Three hours before the reception, the groom's cake slips off the backseat and coats a station wagon's floorboards. Not to worry; got one of our six out of the way, with none the wiser: no one else had seen it, so no one will know when we substitute a sheet cake from Kroger.

The special handmade unity candle has been left on someone's mantel. Problem? I don't know; does it count as something going wrong? It does? Check. Figure, well, at least that one's out of the way, as a guy does a mario andretti going to your friend's house to retrieve the candle, and the accompanist plays some more.

The Mayan calendar savants at the rehearsel dinner location *double-book* the only room that will hold your wedding party. On the spot you have to move the rehearsel to a friend's house. Hm. Maybe that counts as two.

Maybe one reason people get confused about weddings is that although they are not performances--"perfection" in execution is--in a meaningful wedding, at any rate--only slightly positively correlated with "perfect" in emotional and spiritual terms--in a real wedding, the couple are "performing" something; that is, they are accomplishing something. Philosophers even use the term "performance speech" for what goes on: namely, that when the couple says, "with this ring I thee wed," they do. Saying it makes it happen; words don't just affect, but in this case also actually effect the reality.

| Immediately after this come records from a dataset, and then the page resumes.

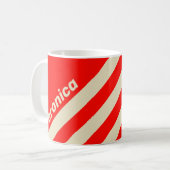 Mug Rétro Cerise Trois Bandes avec Nom (Devant gauche)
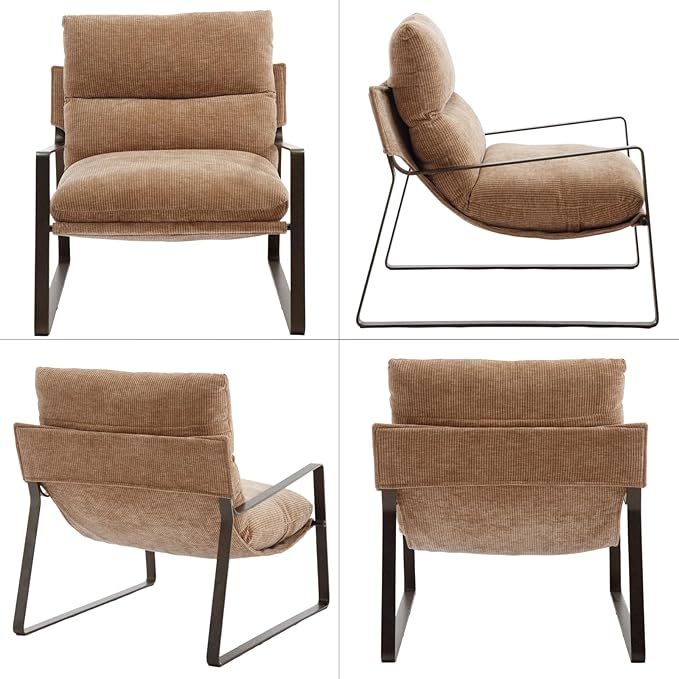 DUOMAY Mid-Century Accent Chairs Armchair Set of 2, Comfy Chenille Leisure Chairs Lazy Chairs with Brozen Metal Leg for Living Room Bedroom Office Apartment, Khaki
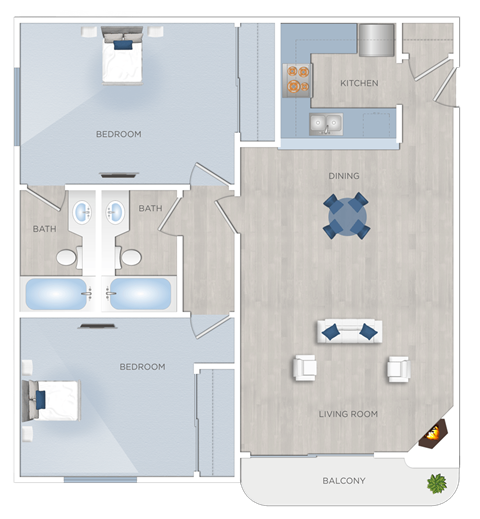 Floor plan for 2 beds, 2 baths, 865 sqft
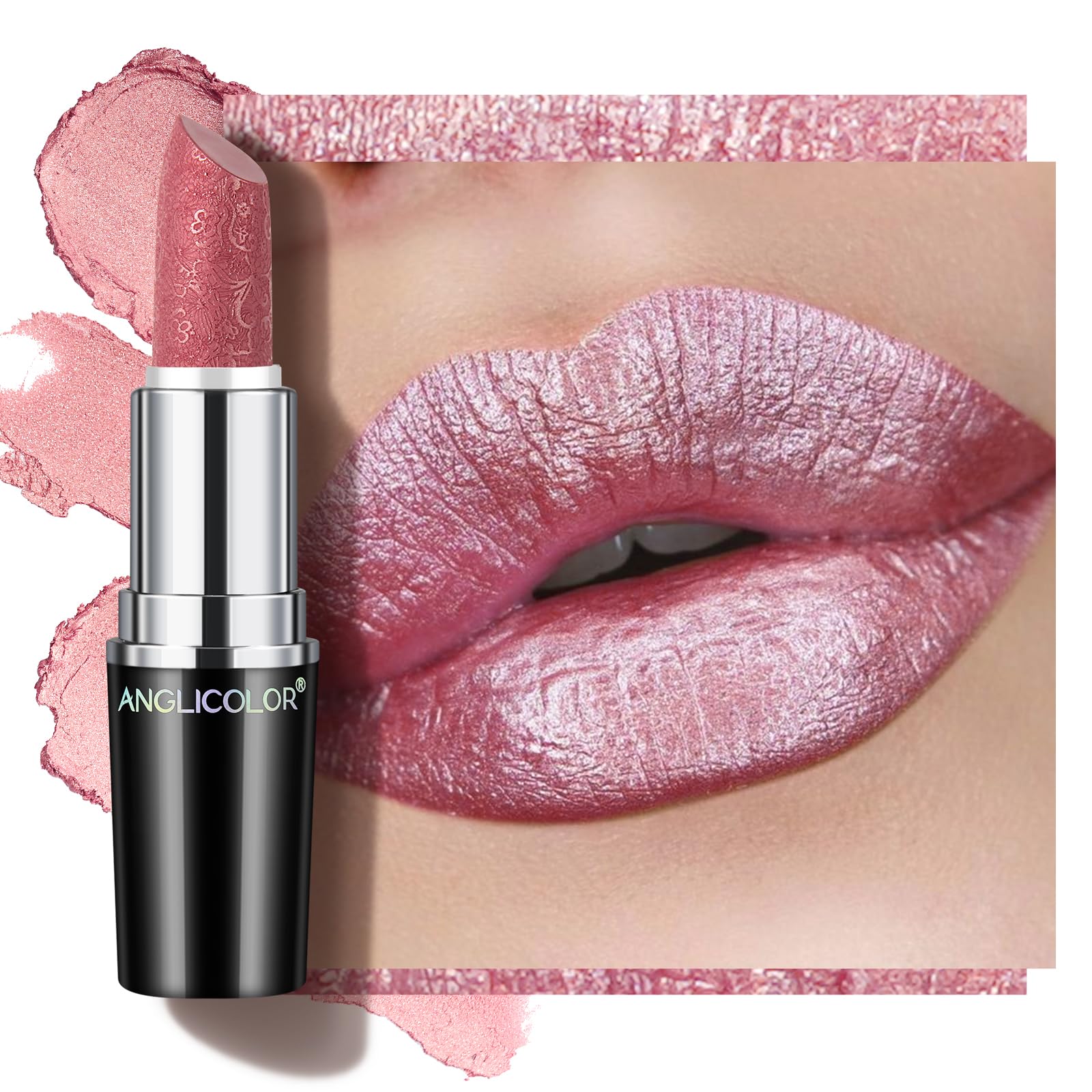Anglicolor Metallic Glitter Pink Lipstick,High Impact Shimmer Lipcolor,Long-Lasting Moisturising,Lightweight Hydrating Creamy Formula Smooth and Non-Sticky,Lipstick For Women(11 HIP & HIPPIE, 4g) — image 1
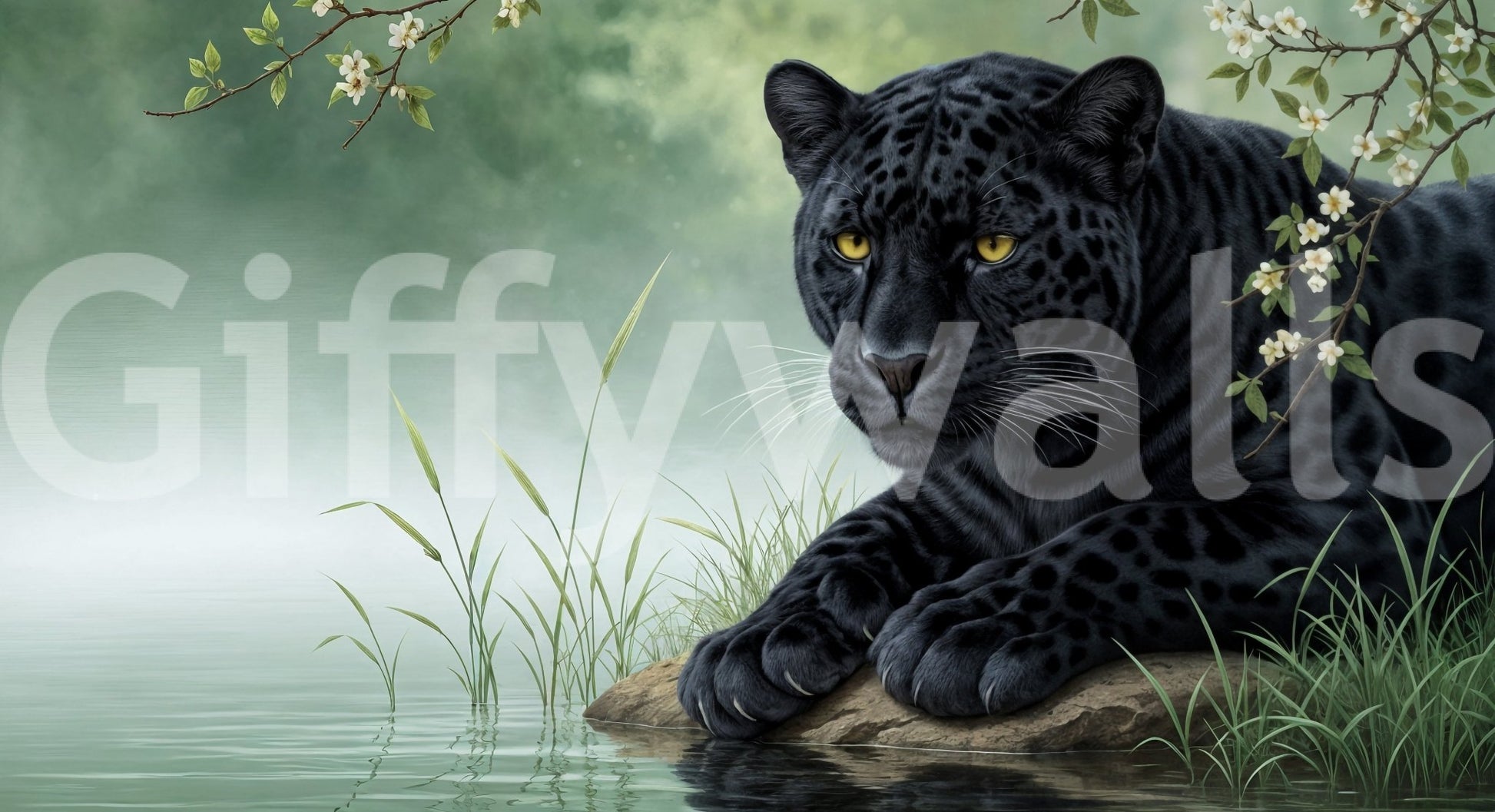 Misty waterside scene in Black Panther Calm Wall Mural with reeds and blossom branches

Another confusion comes from the mistaken notion that a (real) wedding is "just a ceremony." It is natural, I suppose, especially in a culture like ours that has few clearly meaningful public acts, that a genuine ritual would be mistaken for a mere ceremony. What I mean is, a ritual is a symbol, specifically an enacted symbol, and not just a formal protocol one "must," to meet regulations, go through. A symbol is a word, an object, or an act associated with a meaning. So symbols are inherently meaningful. Ritual is an acted symbol, so it (should be) is inherently meaningful.

Once one realizes that this is a ritual, a meaningful action, a symbol, then one sees why as long as the meaning is meant, and as long as what actually lies at the core of that meaning gets enacted one way or another, then the ritual has been a success. Given that humans aren't consistent, and can only attain procedural perfection through drilled repetition, it becomes obvious that a ritual perfect with respect to meaning, to its symbolic function, will most likely not be perfect with regards to its execution, because that's not the important part. The meaning is the important part.

So remember: (at least) six things go wrong at every perfect wedding.